- _Task description_
All lines from the one containing "Outdoor pool, open" to the end of the entries below should be output exactly as they appear. No other lines should be output.

(Dataset entries)
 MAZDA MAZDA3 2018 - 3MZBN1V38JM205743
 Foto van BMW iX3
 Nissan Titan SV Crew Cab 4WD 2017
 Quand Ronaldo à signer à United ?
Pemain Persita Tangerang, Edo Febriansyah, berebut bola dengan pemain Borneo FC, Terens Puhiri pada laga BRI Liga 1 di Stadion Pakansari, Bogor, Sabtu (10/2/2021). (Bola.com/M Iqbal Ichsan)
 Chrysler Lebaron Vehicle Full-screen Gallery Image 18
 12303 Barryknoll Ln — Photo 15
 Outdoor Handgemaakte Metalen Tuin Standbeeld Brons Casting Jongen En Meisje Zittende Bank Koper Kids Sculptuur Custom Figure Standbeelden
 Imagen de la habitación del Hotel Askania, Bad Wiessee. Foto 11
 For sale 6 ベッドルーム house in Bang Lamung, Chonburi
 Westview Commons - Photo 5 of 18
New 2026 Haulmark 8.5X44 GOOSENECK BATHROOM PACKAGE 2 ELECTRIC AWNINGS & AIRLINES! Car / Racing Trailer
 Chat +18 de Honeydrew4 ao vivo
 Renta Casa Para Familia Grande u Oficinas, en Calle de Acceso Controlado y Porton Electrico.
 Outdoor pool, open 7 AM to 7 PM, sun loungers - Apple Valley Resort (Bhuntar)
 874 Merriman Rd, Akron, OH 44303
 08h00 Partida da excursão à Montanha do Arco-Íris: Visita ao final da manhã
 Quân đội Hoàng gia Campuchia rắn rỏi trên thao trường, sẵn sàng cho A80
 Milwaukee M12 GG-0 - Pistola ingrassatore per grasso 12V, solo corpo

- _Completed task_
 Outdoor pool, open 7 AM to 7 PM, sun loungers - Apple Valley Resort (Bhuntar)
 874 Merriman Rd, Akron, OH 44303
 08h00 Partida da excursão à Montanha do Arco-Íris: Visita ao final da manhã
 Quân đội Hoàng gia Campuchia rắn rỏi trên thao trường, sẵn sàng cho A80
 Milwaukee M12 GG-0 - Pistola ingrassatore per grasso 12V, solo corpo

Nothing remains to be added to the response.